Para jurnalis yang memiliki riwayat kontak dengan Menteri Perhubungan Budi Karya Sumadi, yang dinyatakan positif corona, juga ditelantarkan saat hendak memeriksakan diri di satu rumah sakit di Jakarta, Minggu (15/3/2020).
Meski sudah mengisi formulir riwayat perjalanan ke daerah terinfeksi dan riwayat kontak, tak ada dokter yang memeriksa mereka sehingga kembali pulang.
Sebagian lagi yang diperiksa dipulangkan untuk isolasi mandiri sebelum keluar hasil tes pemeriksaannya dengan alasan kapasitas ruang isolasi yang terbatas.
”Saya diperiksa di UGD (unit gawat darurat) karena ada gejala demam dan batuk di rumah sakit, tetapi kemudian diminta pulang sebelum ada hasil swab karena kapasitas ruang isolasi terbatas. Diminta isolasi mandiri, saat ini radang walaupun demam turun,” kata salah seorang jurnalis itu.
Luki, bukan nama sebenarnya, wartawan stasiun televisi swasta yang juga memiliki riwayat kontak dengan Budi, bahkan turut mengikuti penjemputan anak buah kapal (ABK) Diamond Princes di Bandara Kertajati pada 1 Maret 2020. Infografik: Beda Batuk, Pilek, Alergi, dan Gejala
Baca juga: Pasien Covid-19 Merasa Ditelantarkan, Pemerintah Minta Rumah Sakit Jaga Etika
Ia juga kesulitan memeriksakan diri. ”Saya dan reporter saya datang ke rumah sakit dan bayar Rp 690.000 untuk pemeriksaan darah dan rontgen, kemudian diberi surat keterangan sehat,” ujarnya.

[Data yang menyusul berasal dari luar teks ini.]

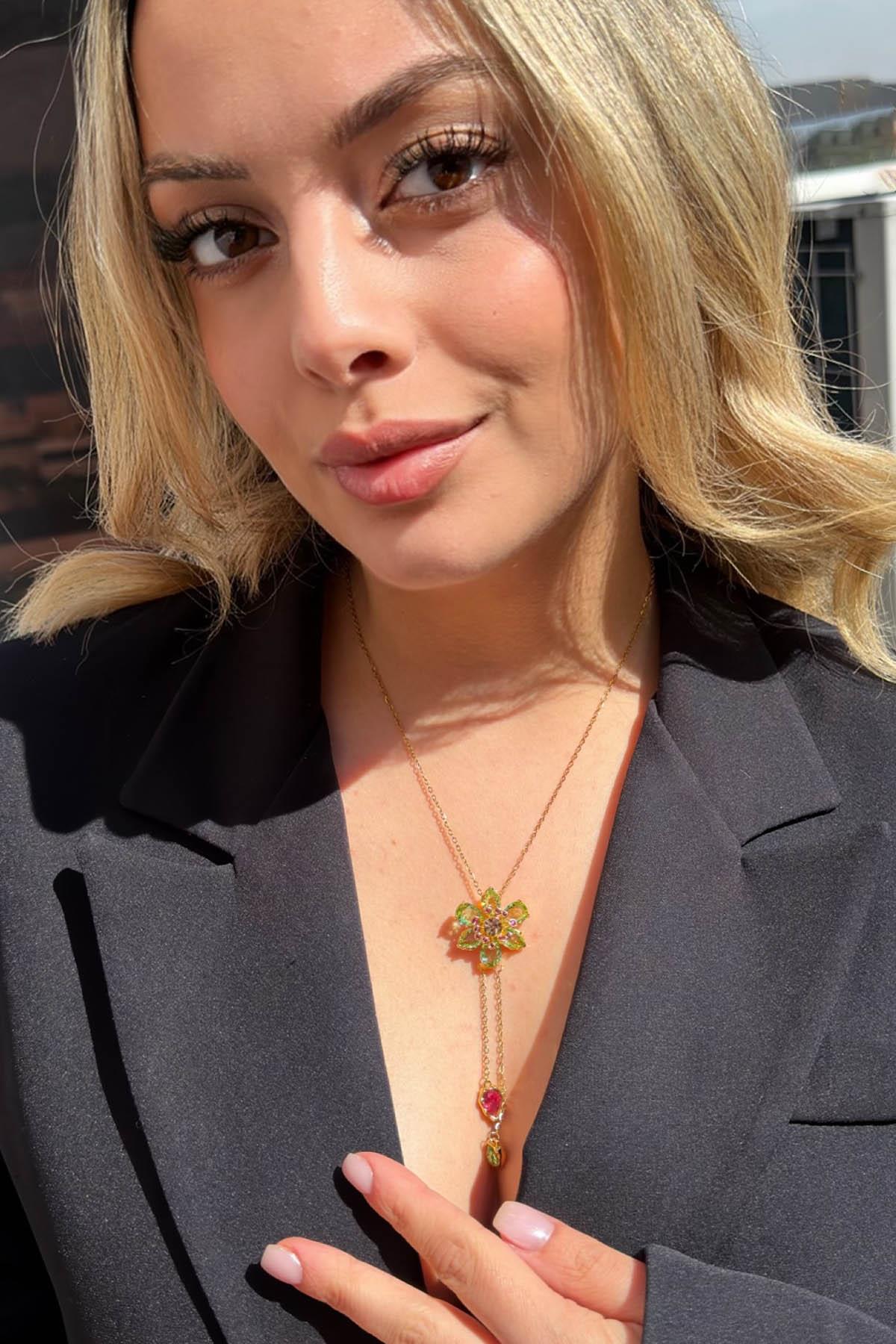 Altın Renk Çiçek Figürlü Taş Detaylı Çelik Kolye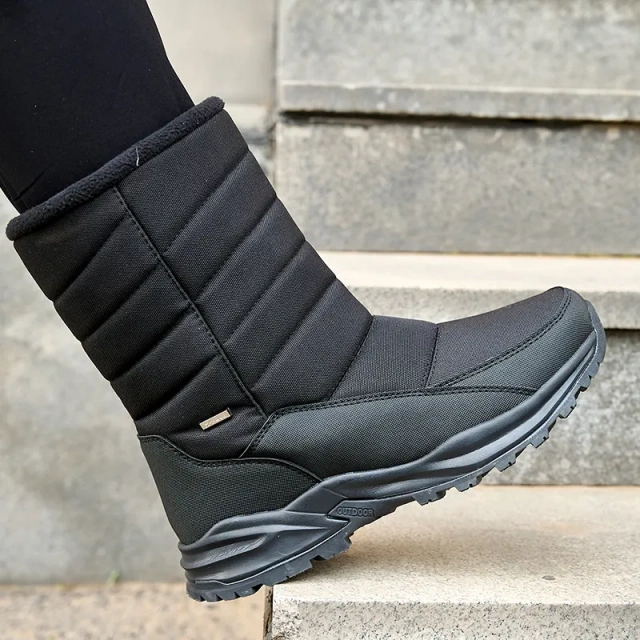 Thickened plush windproof zipper warm women' s snow boots New winter women' s leisure large plush snow boots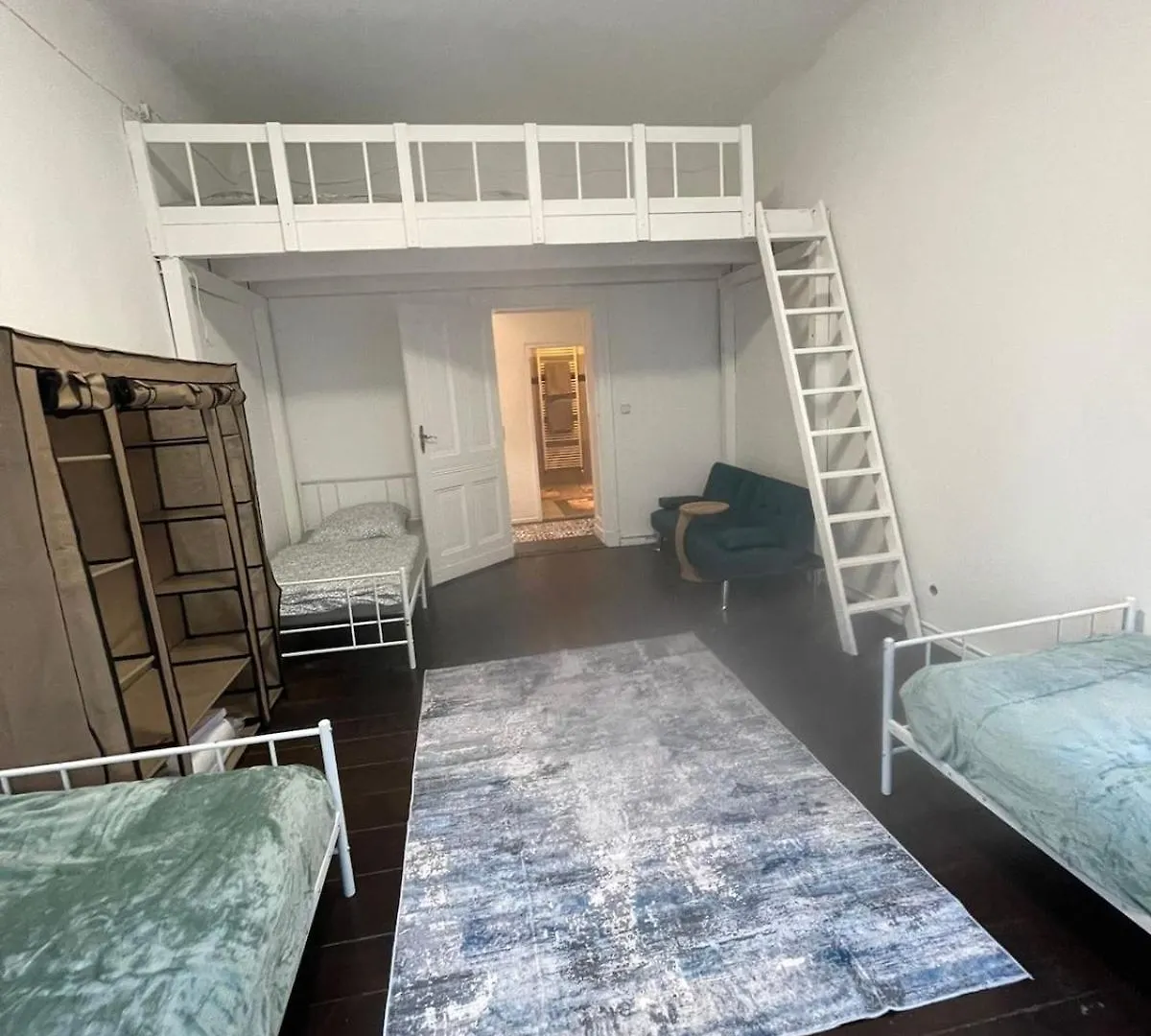 5-Room Apartment Schoeneberg Berlin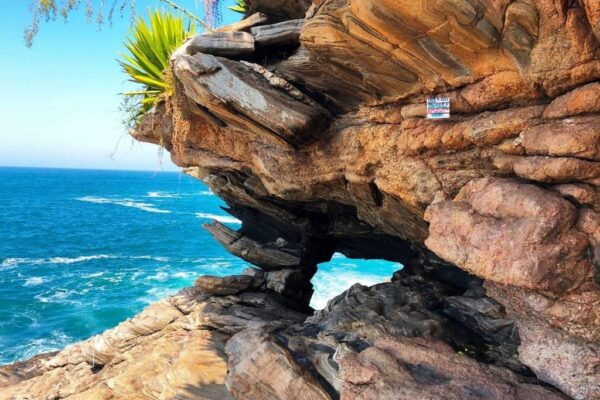 Gruta da Sacristia em Maricá (RJ) um dos principais geossítios do Geoparque Costões e Lagunas. Crédito - Geoparque Costões e Lagunas - Site oficial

Dia tahu, tes darah dan rontgen itu hanya untuk mengetahui gejala sakit secara umum, bukan untuk corona. Karen itu, dia meminta diambil swab.
”Tapi tidak bisa, antreannya panjang. Saat ini prioritas yang gejala parah. Saya dianggap sehat, tetapi saya tidak yakin apakah bebas corona. Bukankah infeksi virusnya bisa tanpa gejala?” keluhnya.
”Ini jadi seperti proyek rumah sakit saja. Kalau hanya dapat keterangan surat sehat seperti ini, harusnya cukup di puskesmas, tidak perlu di rumah sakit besar rujukan corona,” kata Luki.